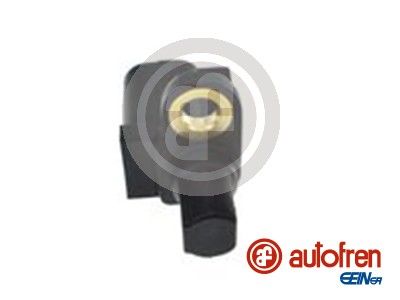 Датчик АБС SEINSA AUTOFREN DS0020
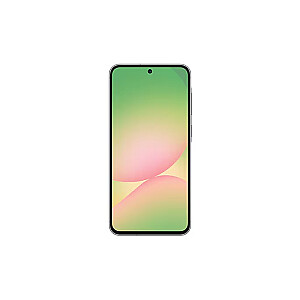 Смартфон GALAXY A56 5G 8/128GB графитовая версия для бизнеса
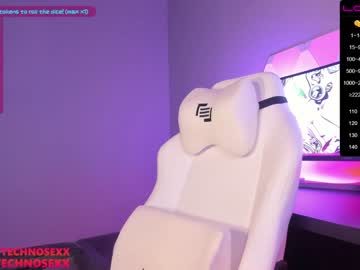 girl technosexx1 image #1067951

...

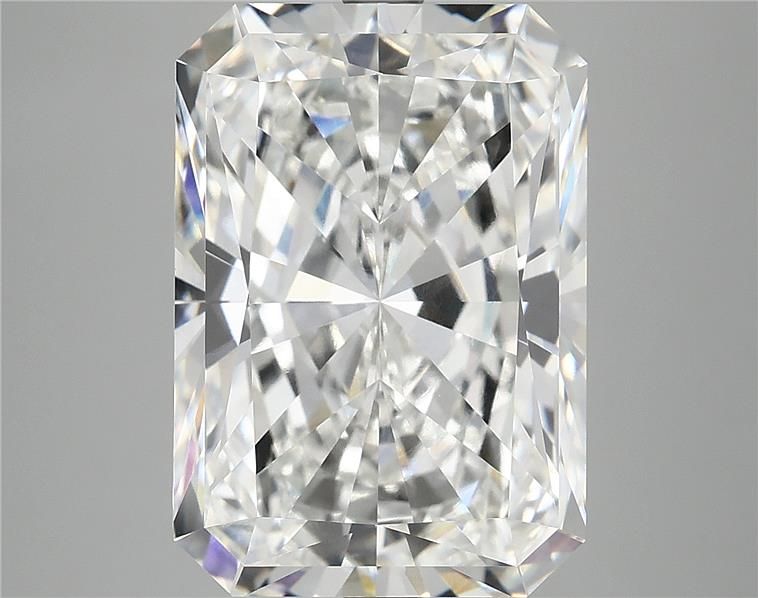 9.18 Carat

#### TASK
In the listing above, find the line containing "Смартфон GALAXY A56". Output it and every line after it up to and including the line containing "girl technosexx1 image #1067951", exactly, but skip the pictures.

#### THE COMPLETED TASK
 Смартфон GALAXY A56 5G 8/128GB графитовая версия для бизнеса
 girl technosexx1 image #1067951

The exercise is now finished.